William Lee, a minister in Roanoke
William Lee, a retired minister, worries the biotech boom could leave many residents behind.

Will the Entire Community Benefit?


But not everyone goes to medical school, or possesses the skills or desire to work in biotech. For that reason, some people in Roanoke are concerned that the growth of this cluster will do nothing for most residents but drive up their housing costs. Roanoke already has one of the largest homeless shelters in the state. In decades past, the African American entertainment district and two primarily Black communities adjacent to downtown, Gainsboro and Northeast, were decimated by urban renewal, with 1,600 homes and more than 200 businesses leveled. “The whole city has not benefited with the transformation, especially the Black community and marginalized people,” says William Lee, a retired minister. “We were already a lightyear behind and this just puts us further behind.”
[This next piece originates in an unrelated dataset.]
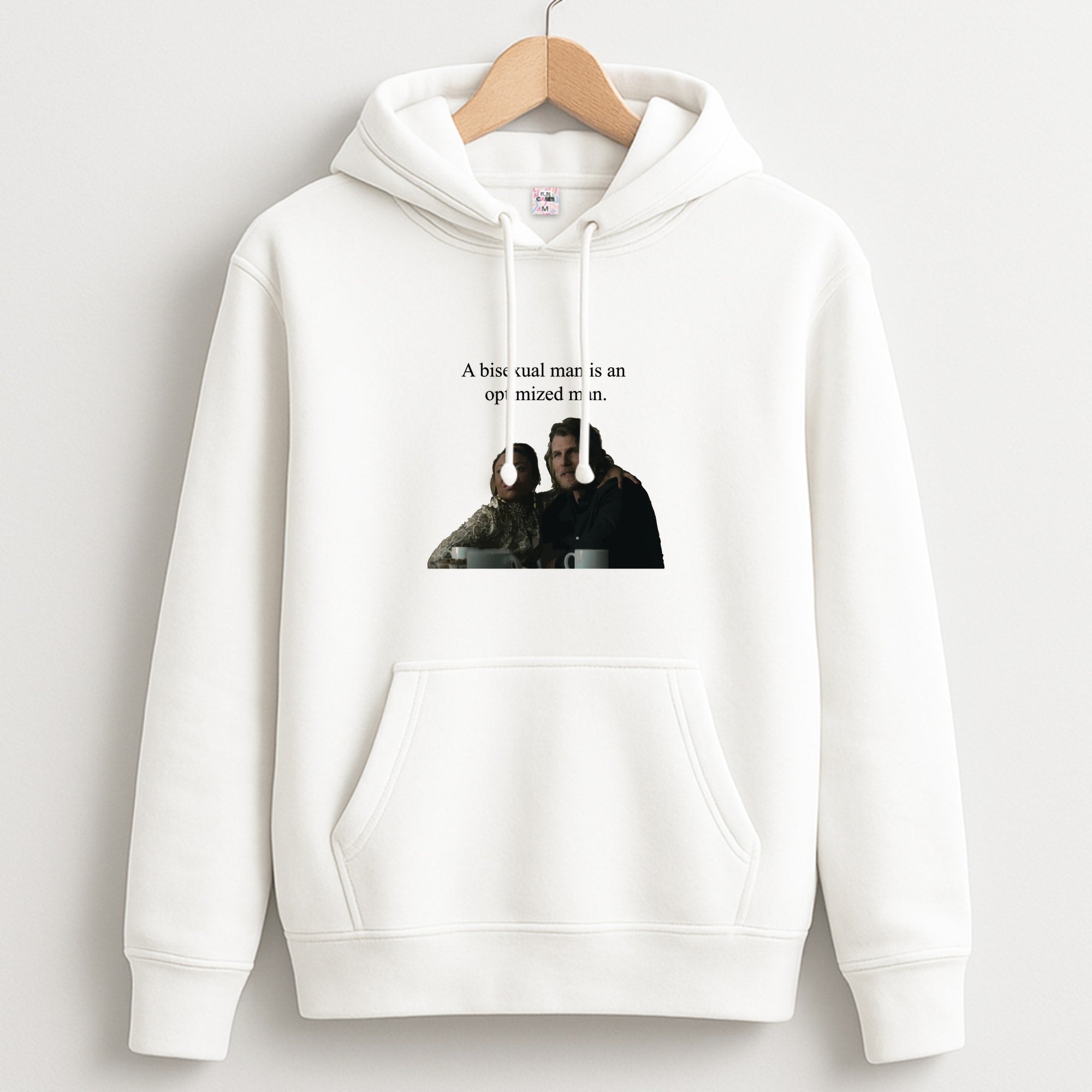 A Bisexual Man Hoodie
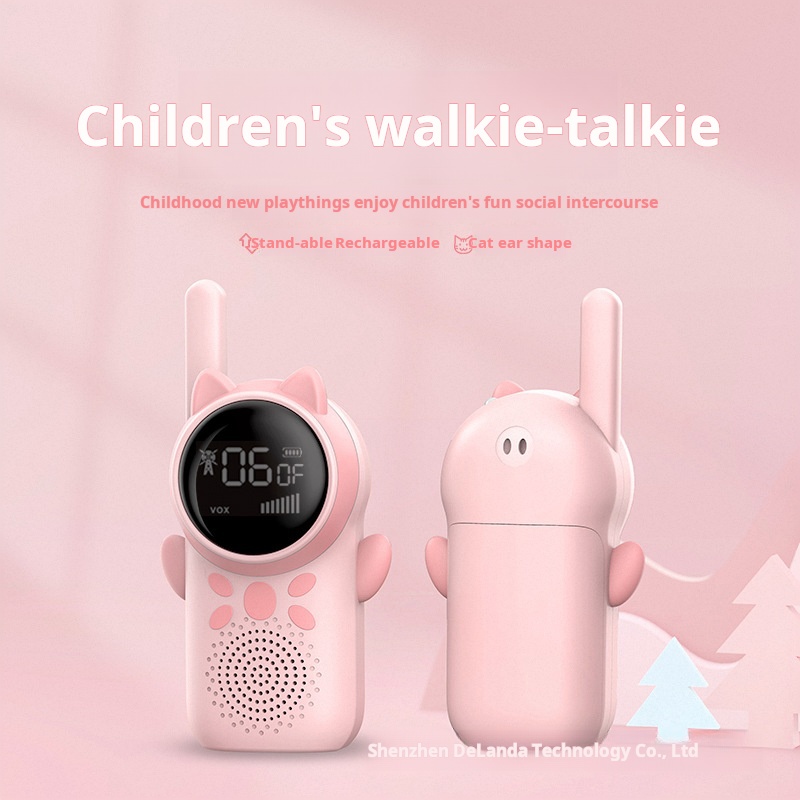 Walkie Talkie dla dzieci, bezp – Outdoor Adventure Education recenzja i cena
Lee suggests that preparing residents for the new opportunities will be the work of many years. The city is trying to take that long view into account. Members of the Roanoke City Council, attuned to equity issues, have directed economic development officials to worry not only about landing big deals but making sure longtime residents stand to benefit in some way. The city and its biotech partners are working with the public schools to promote STEM education for teachers as well as students. The city also put up a chunk of the funding for Virginia Western to hire a professor for its new associate’s degree in biotechnology, with some low-income students receiving scholarships and stipends through the school’s Fralin Futures program. And Virginia Western has recently made deals with Roanoke College and Radford University for biotech students to transfer seamlessly into their four-year programs. Roanoke College, in turn, has an agreement with Virginia Tech to allow its graduates to get a master’s in engineering in a compressed time frame. In short, students in the region can be professionally trained in five years, receiving three degrees in the process.

Roanoke is small enough that it’s possible to do outreach with groups throughout the community, targeting those who are underrepresented, says Bradley Boettcher, who oversees life sciences and other innovation sectors for Roanoke’s Economic Development Department. “With 25 colleges and universities within 90 minutes of Roanoke, there’s a lot of talent that’s developed and the challenge has always been to keep them here,” Boettcher says. “Now, the idea is to create and generate our own workforce locally.”